En jugeant, par une décision du 4 mars dernier, que le droit italien était contraire au droit à ne pas être jugé ou puni deux fois pour les mêmes faits consacrés par l’article 4 du protocole n° 7 à la CEDH, la Cour européenne des droits de l’homme a délivré un message qui pourrait faire vaciller notre système de répression des abus de marché.

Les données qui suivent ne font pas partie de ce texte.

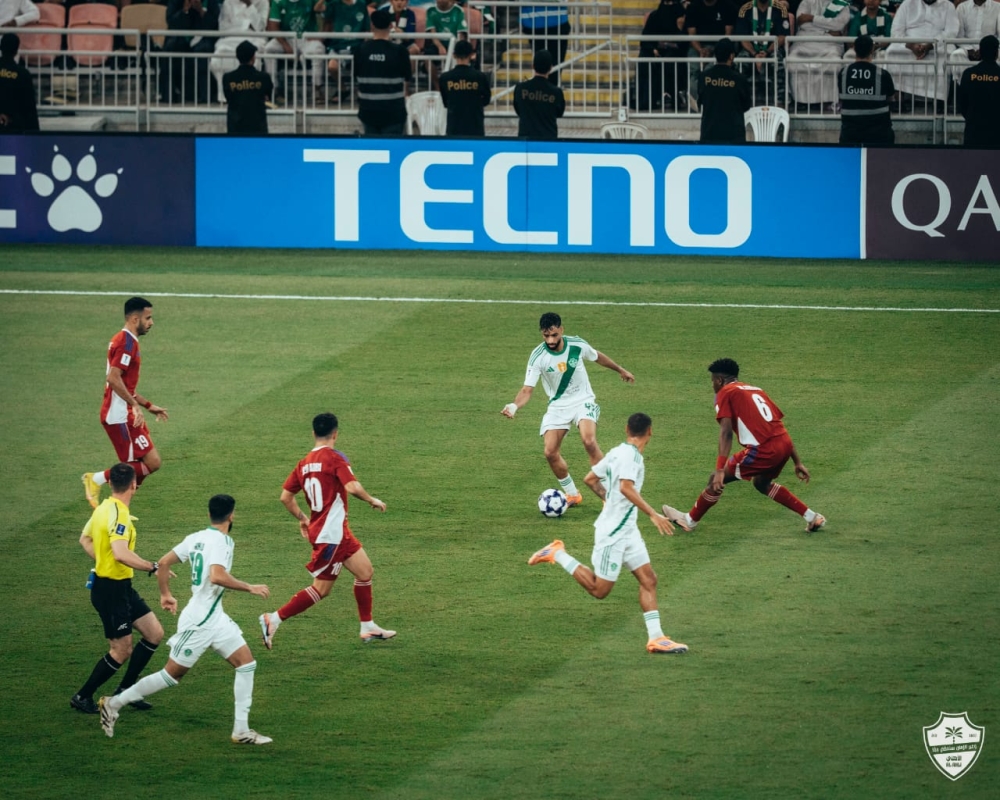 عاجل.-خبير-تحكيمي-يكشف-لـ-الميدان-سبب-إلغاء-هدف-الأهلي-أمام-الشارقة-الإماراتي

Si la décision est essentielle, c’est parce que le droit français possède les mêmes caractéristiques que son voisin transalpin : depuis une loi du 2 août 1989, les opérations d’initiés et les manipulations de marché peuvent être en effet poursuivies et sanctionnées tant par le juge pénal que par l’autorité de régulation (AMF). Un tel cumul n’a cessé de soulever la controverse : il est dispendieux, génère des risques de contradictions de décisions et contribue à allonger le supplice procédural. Surtout, on lui reproche d’être contraire au principe « Non bis in idem », qui prohibe le cumul de poursuites et de sanctions pour des infractions identiques. Sans résultat : nos plus hautes juridictions, Conseil constitutionnel, Cour de cassation et Conseil d’Etat, ont inlassablement considéré que le système français ne violait pas le principe du non-cumul. La Chambre criminelle, dans un arrêt du 22 janvier 2014, a jugé que la Charte des droits fondamentaux de l’Union européenne, qui consacre elle aussi le principe, ne s’opposait pas au cumul. Et si la Convention européenne interdit que des faits identiques fassent l’objet de sanctions distinctes, la Cour de cassation s’est toujours abritée derrière les réserves formulées par la France sur ce texte pour limiter la règle aux infractions relevant de la seule compétence des tribunaux répressifs. C’est précisément ce système de réserves que la Cour européenne entend neutraliser. Non seulement le principe du non-cumul doit s’appliquer, mais, surtout, les réserves ne peuvent produire d’effet lorsqu’elles sont trop imprécises. Concrètement, un juge pénal ne saurait poursuivre ou sanctionner un comportement déjà jugé par l’AMF, et inversement. Une telle conclusion, qui met à mal un système bancal, doit désormais nous inciter à mieux répartir les compétences plutôt que faire bégayer la répression.